NASHVILLE, Tenn. (WKRN) — The Speaker of the Tennessee House of Representatives has filed a number of bills for the upcoming special session of the Tennessee General Assembly. Five bills currently bear his name, spanning mental health care access to increased penalties for stalking offenses.

Gov. Bill Lee announced his intent to call a special session of the legislature in late April, about a month after The Covenant School shooting that saw six lives, including three children, claimed. The governor officially issued the proclamation earlier this month, tasking the legislature to tackle legislation related around mental health and juvenile justice reform.

Here are the bills filed under Speaker Cameron Sexton’s (R—Crossville) name:

HB7032: Requires health insurance carriers, including TennCare providers, to provide mental health services and treatment to the same extent that the carriers and providers provide alcoholism and drug dependence services and treatment.

HB7033: Requires a bail hearing, which must be open to the public, before a defendant who has been arrested or held to answer for a bailable offense may be admitted to bail.
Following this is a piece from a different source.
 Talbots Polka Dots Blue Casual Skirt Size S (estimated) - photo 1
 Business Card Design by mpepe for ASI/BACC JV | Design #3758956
HB7034: Raises from a Class A misdemeanor to a Class E felony knowingly violating an order of protection or a restraining order issued due to domestic abuse when based on stalking; raises the classification range for stalking from a Class A misdemeanor or Class E felony to a Class E or D felony; raises the classification of aggravated stalking from a Class E to a Class D felony; requires a court to order a mental health assessment of a defendant’s need for mental health treatment if convicted of a stalking offense, at cost to the defendant unless indigent; requires the sentence to include the defendant undergoing treatment and monitoring of drug intake if the assessment indicates that the defendant is in need of and amenable to treatment.

HB7035: Establishes a loan forgiveness program for psychiatrists, psychologists, and counselors.

HB7036: Changes prerequisites for emergency detention and admission to a treatment facility from “immediate” substantial likelihood of serious harm to “imminent” substantial likelihood of serious harm.

HB7071: Requires the bureau to submit a report on the number of mass shootings that occur in this state to the governor, the speaker of the house of representatives, and the speaker of the senate by January 1, 2024, and by each January 1 thereafter.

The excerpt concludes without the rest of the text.